(What you need to do):
Return only that part of the material below which starts with the line containing "Alfombra persa - Nómada" and goes on through the line containing "Masseria Gelso Antico", restated exactly.

(Dataset excerpts):
--- START ---
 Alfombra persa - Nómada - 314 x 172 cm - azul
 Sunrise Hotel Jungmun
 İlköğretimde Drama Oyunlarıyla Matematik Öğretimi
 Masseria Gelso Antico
--- END ---
--- START ---
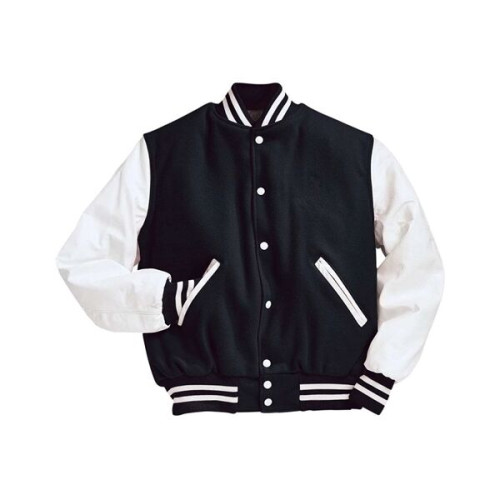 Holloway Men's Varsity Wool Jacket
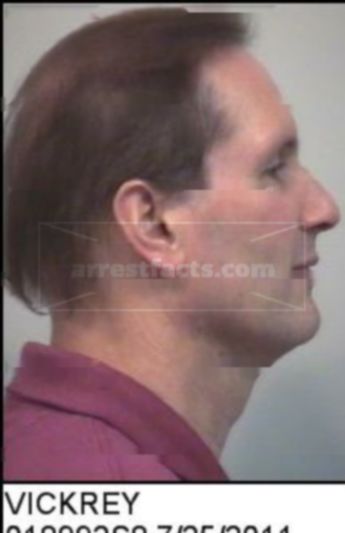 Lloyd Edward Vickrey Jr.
--- END ---
(Solution to this exercise):
 Alfombra persa - Nómada - 314 x 172 cm - azul
 Sunrise Hotel Jungmun
 İlköğretimde Drama Oyunlarıyla Matematik Öğretimi
 Masseria Gelso Antico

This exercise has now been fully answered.